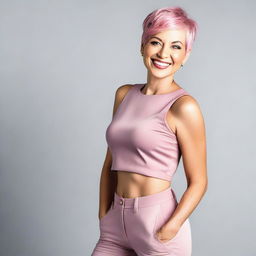 A 50-year-old woman with short pink hair and yellow eyes, wearing a stylish outfit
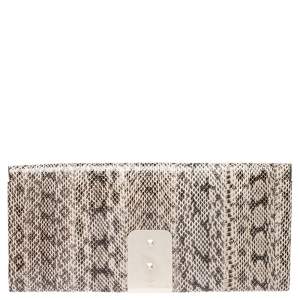 Pre Owned Valentino Brown Python Rockstud Clutch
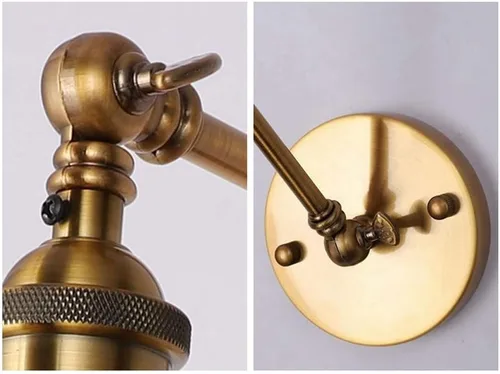 Vista 5 de Lámpara de pared ajustable con brazo oscilante, aplique de pared industrial retro, accesorios de iluminación de interior para mesita de noche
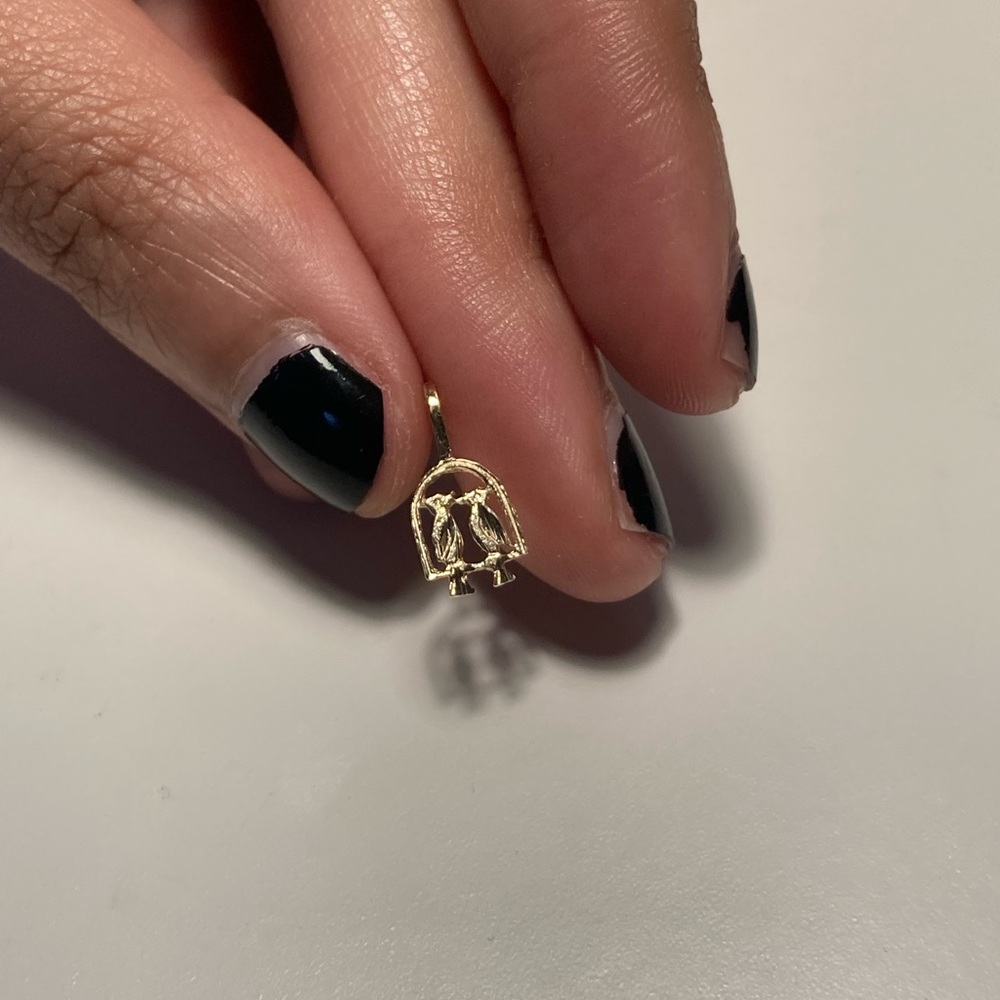 SOLID GOLD LOVEBIRDS CHARM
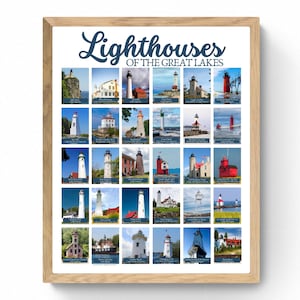 3 SIZES-Great Lakes Lighthouses Print-Michigan Huron Erie Superior Ontario-Midwest Decor-Light House Types ID-Nautical Navigation Poster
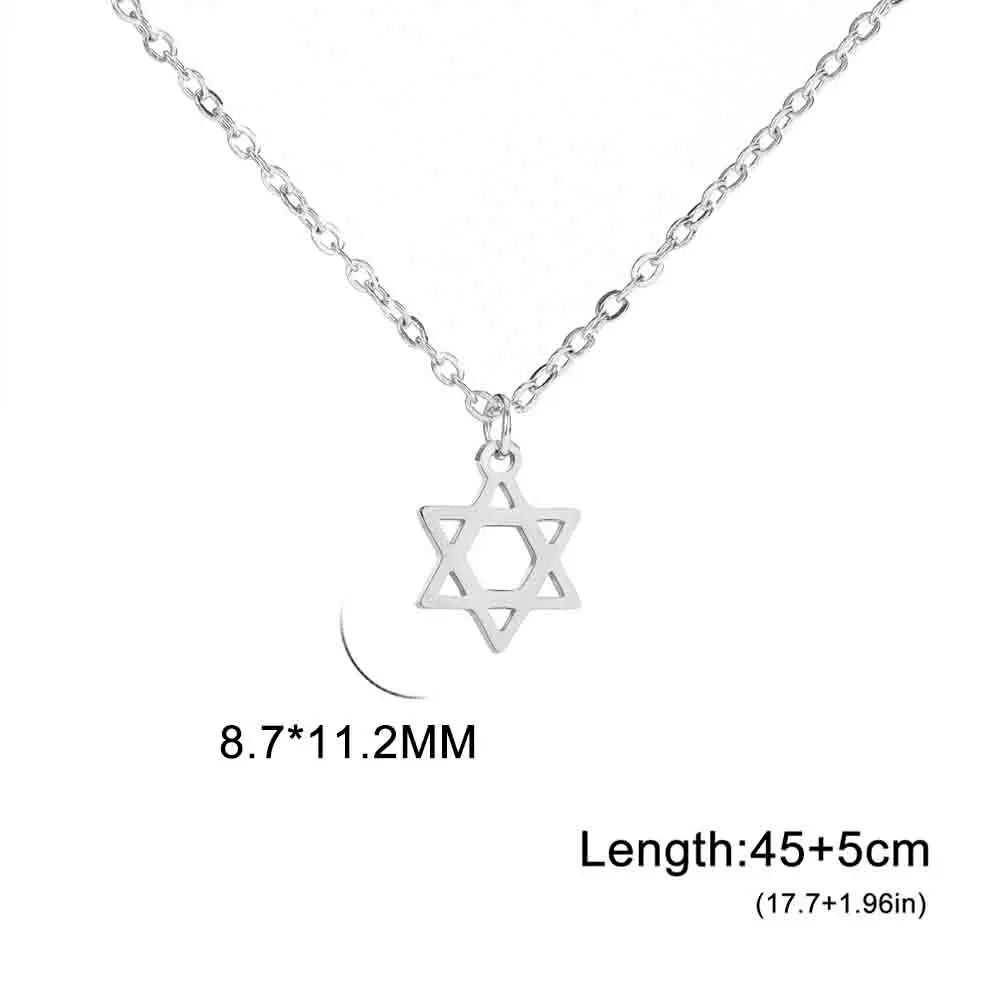 Teamer Israel Map Star of David Pendant Necklace for Women Men Jewish Stainless Steel Necklace Ethnic National Jewelry Wholesale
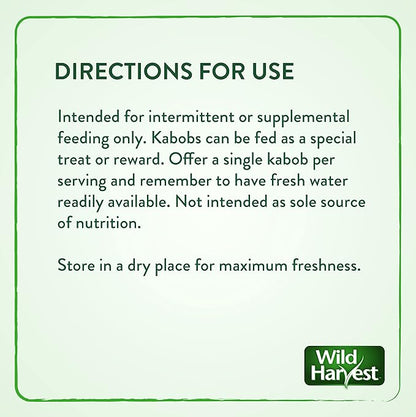 Wild Harvest Fruit Kabobs for All Birds, 6 Count, Made with Real Carrot, Cherry and Cranberry with Edible Skewer, 0.52 Ounce (Pack of 6)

------------------------------------------------

- **What the task asks**
Only the pictures are to be omitted; restate everything else above exactly.

- **Response below**
 A 50-year-old woman with short pink hair and yellow eyes, wearing a stylish outfit
 Pre Owned Valentino Brown Python Rockstud Clutch
 Vista 5 de Lámpara de pared ajustable con brazo oscilante, aplique de pared industrial retro, accesorios de iluminación de interior para mesita de noche
 SOLID GOLD LOVEBIRDS CHARM
 3 SIZES-Great Lakes Lighthouses Print-Michigan Huron Erie Superior Ontario-Midwest Decor-Light House Types ID-Nautical Navigation Poster
 Teamer Israel Map Star of David Pendant Necklace for Women Men Jewish Stainless Steel Necklace Ethnic National Jewelry Wholesale
 Wild Harvest Fruit Kabobs for All Birds, 6 Count, Made with Real Carrot, Cherry and Cranberry with Edible Skewer, 0.52 Ounce (Pack of 6)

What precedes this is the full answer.